Should All Semantic Web Reasoners
                                Include a Neural Network?
                                Jeff Heflin1,*,† , Yifan Zhang1,†
                                1
                                    Lehigh University, Computer Science and Engineering, 113 Research Dr., Bethlehem, PA, 18015


                                                  Abstract
                                                  This position poster makes the case that deep neural nets can be incorporated into traditional symbolic
                                                  reasoners to enable reasoning at Web scale. This will maintain the correctness guarantees of the reasoner
                                                  while offering efficiency by exploring fruitful paths first. We suggest a first-level decomposition of the
                                                  problem into representation, learning mechanism, and control strategy and describe some preliminary
                                                  results.
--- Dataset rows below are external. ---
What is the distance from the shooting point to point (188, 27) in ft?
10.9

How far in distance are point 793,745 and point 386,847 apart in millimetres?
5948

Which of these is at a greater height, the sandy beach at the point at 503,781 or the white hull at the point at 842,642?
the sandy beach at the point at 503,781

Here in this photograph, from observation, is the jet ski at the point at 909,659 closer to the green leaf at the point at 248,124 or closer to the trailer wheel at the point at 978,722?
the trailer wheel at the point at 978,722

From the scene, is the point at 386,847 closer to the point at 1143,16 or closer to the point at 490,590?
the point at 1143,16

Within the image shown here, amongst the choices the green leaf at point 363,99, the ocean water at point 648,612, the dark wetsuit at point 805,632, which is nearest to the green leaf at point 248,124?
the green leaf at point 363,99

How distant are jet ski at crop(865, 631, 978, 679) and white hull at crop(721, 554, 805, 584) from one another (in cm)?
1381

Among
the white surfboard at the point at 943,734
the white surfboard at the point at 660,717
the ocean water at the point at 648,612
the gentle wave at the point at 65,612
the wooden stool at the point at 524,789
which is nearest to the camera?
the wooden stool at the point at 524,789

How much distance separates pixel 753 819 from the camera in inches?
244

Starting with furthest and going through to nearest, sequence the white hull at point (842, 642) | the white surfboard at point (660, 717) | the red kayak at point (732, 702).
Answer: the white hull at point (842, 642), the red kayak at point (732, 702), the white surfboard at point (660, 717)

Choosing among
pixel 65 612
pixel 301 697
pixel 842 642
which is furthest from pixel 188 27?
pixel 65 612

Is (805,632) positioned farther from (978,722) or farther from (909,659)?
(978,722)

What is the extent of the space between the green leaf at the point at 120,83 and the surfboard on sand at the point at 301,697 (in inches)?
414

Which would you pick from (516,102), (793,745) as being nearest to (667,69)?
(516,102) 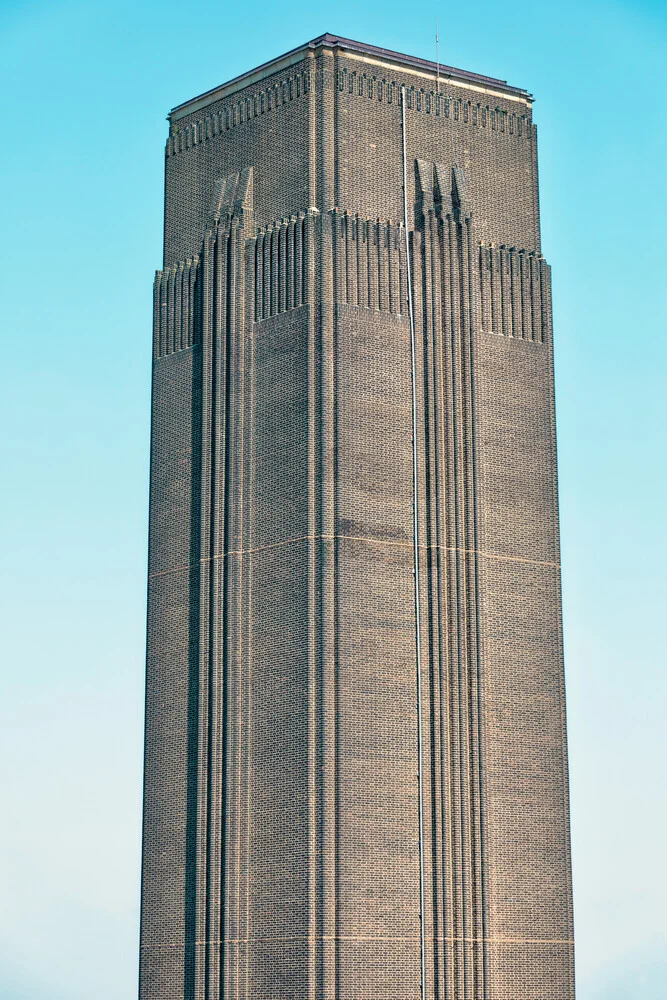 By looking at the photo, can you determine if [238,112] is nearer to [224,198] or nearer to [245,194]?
[224,198]

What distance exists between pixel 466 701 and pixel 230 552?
21.2 feet

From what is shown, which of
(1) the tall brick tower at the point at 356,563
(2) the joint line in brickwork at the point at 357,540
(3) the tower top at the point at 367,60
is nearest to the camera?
(1) the tall brick tower at the point at 356,563

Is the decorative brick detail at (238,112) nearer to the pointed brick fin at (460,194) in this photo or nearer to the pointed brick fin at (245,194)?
the pointed brick fin at (245,194)

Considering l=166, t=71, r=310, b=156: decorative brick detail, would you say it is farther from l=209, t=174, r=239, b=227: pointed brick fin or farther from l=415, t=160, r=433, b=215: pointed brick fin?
l=415, t=160, r=433, b=215: pointed brick fin

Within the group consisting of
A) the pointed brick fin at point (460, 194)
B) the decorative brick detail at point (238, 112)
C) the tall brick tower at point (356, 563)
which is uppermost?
the decorative brick detail at point (238, 112)

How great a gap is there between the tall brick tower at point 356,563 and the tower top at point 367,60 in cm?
8

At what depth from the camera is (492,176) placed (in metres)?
56.0

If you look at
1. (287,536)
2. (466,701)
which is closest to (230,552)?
(287,536)

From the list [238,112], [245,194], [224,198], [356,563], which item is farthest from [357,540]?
[238,112]

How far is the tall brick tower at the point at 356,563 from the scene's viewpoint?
164 feet

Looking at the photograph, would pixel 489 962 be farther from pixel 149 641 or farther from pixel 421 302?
pixel 421 302

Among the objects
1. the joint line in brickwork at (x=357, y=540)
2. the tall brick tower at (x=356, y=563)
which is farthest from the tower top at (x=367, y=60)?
the joint line in brickwork at (x=357, y=540)

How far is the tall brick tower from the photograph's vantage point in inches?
1971

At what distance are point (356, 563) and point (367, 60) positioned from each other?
12.4 meters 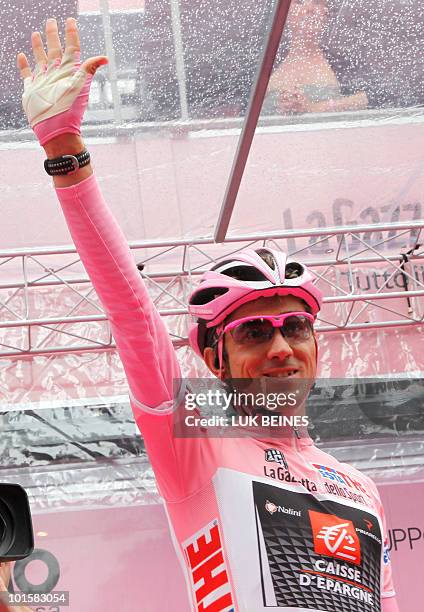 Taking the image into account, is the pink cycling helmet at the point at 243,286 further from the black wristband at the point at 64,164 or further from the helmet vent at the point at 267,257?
the black wristband at the point at 64,164

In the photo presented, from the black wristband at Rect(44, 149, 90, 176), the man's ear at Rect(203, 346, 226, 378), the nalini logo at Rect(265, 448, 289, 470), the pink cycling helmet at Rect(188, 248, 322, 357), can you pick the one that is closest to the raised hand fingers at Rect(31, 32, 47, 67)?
the black wristband at Rect(44, 149, 90, 176)

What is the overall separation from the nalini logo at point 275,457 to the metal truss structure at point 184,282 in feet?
8.39

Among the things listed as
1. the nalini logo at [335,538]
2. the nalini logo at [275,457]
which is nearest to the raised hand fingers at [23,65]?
the nalini logo at [275,457]

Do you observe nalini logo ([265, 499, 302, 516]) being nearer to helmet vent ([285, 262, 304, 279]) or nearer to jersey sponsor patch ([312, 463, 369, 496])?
jersey sponsor patch ([312, 463, 369, 496])

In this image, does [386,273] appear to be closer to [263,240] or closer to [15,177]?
[263,240]

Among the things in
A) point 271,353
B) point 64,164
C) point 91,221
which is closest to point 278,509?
point 271,353

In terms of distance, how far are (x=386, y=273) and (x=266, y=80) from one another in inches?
82.4

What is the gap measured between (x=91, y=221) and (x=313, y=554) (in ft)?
2.34

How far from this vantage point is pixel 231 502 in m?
1.69

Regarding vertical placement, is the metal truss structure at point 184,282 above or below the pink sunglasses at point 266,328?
above

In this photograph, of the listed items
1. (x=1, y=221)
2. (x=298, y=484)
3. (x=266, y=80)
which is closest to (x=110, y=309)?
(x=298, y=484)

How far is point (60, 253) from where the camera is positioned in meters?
4.31

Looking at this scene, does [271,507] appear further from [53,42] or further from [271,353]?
[53,42]

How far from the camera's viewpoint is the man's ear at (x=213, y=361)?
6.13 ft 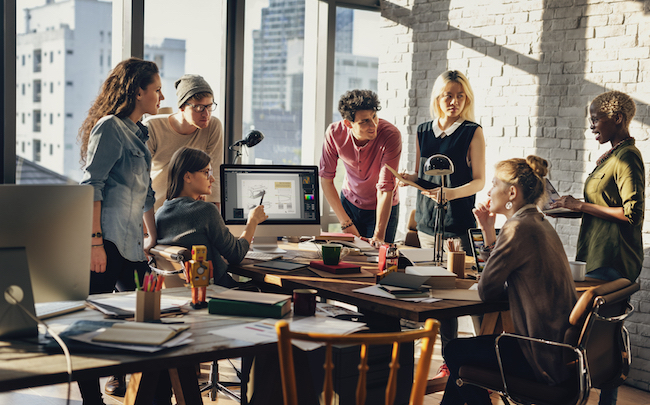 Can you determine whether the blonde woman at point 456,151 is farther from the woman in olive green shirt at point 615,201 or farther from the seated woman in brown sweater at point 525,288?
the seated woman in brown sweater at point 525,288

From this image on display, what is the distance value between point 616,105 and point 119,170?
2.26m

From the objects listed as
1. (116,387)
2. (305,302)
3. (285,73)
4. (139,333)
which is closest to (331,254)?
(305,302)

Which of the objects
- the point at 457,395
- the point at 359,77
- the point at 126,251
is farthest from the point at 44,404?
the point at 359,77

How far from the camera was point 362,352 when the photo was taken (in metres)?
1.38

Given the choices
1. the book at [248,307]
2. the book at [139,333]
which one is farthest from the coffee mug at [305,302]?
the book at [139,333]

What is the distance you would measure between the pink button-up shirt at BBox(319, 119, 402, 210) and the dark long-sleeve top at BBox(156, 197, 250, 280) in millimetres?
1111

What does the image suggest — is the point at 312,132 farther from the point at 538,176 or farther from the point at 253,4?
the point at 538,176

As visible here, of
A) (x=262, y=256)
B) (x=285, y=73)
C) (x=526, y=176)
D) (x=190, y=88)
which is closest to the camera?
(x=526, y=176)

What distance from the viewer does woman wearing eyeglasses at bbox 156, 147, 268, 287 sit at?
8.83 feet

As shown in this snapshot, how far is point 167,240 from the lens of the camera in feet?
9.11

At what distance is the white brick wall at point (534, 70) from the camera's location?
3.64 metres

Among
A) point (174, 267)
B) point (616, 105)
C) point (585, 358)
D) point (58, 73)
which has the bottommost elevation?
point (585, 358)

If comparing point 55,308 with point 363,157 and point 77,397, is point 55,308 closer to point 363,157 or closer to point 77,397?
point 77,397

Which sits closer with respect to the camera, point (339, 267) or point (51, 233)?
point (51, 233) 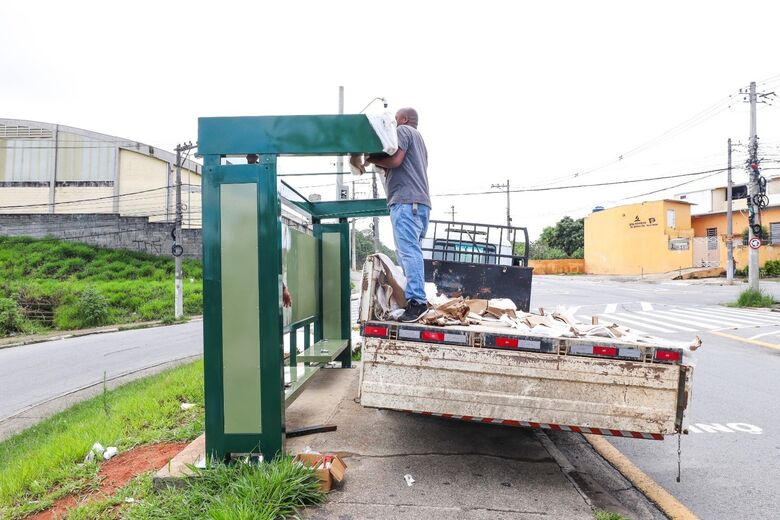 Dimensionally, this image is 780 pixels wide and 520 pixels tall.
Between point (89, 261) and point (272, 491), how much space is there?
30.5 meters

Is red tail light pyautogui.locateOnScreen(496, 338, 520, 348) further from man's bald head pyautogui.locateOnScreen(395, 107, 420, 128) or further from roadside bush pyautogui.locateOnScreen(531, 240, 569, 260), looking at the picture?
roadside bush pyautogui.locateOnScreen(531, 240, 569, 260)

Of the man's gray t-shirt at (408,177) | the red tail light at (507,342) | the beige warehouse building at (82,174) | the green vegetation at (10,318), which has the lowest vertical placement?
the green vegetation at (10,318)

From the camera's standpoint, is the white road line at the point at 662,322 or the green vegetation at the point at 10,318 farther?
the green vegetation at the point at 10,318

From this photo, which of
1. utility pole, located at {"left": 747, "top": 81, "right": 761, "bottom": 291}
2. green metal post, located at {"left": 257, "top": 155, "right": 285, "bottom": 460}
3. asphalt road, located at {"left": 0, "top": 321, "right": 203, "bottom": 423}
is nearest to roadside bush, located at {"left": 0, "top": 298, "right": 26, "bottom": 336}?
asphalt road, located at {"left": 0, "top": 321, "right": 203, "bottom": 423}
                                                  Keywords
                                                  scalable reasoning, neurosymbolic, knowledge base, deep learning


                                1. Introduction
                                Since the early days of Semantic Web research, one of the core questions has been how to
                                perform inference at Web scale. For example, the Scalable Semantic Web Knowledge Base
                                Systems workshop has been held 13 times since 2005. In recent years, deep learning has been
                                used to find solutions to problems that were previously unsolvable. This position poster asks
                                whether deep learning could be a vital component in research into scalable reasoning.
                                   Neural networks are capable of quickly making predictions from large data, are robust to
                                noise (such as exceptions and contradictions) and can capture knowledge that is difficult to
                                describe formally. However, it is difficult to explain how the trained model came to its conclusion,
                                requires very careful curation of the training set to avoid biases, and the predictions can be very
                                wrong when encountering the long-tail of inputs seldom seen during training.
                                   Due to the opaqueness and unpredictability on out-of-distribution data, we do not suggest
                                that all reasoning be performed by a deep neural net. To the contrary, we propose to build
                                traditional symbolic systems that use machine learning models in the decision-making process.
                                Generally, all machine reasoning is a search for a proof, and at each step, the system has many
                                options to choose from. In classical reasoning systems, there is often nothing to distinguish
                                the options, so the choice amounts to a random guess. If the guess turns out to be wrong, and
                                leads to a dead-end, the reasoner will back up and try a different choice. Deep learning can
                                be used to train a meta-reasoner that will use knowledge about the question at hand and the

                                Posters, Demos, and Industry Tracks at ISWC 2024, November 13–15, 2024, Baltimore, USA
                                *
                                  Corresponding author.
                                †
                                  These authors contributed equally.
                                $ heflin@cse.lehigh.edu (J. Heflin); yiz521@lehigh.edu (Y. Zhang)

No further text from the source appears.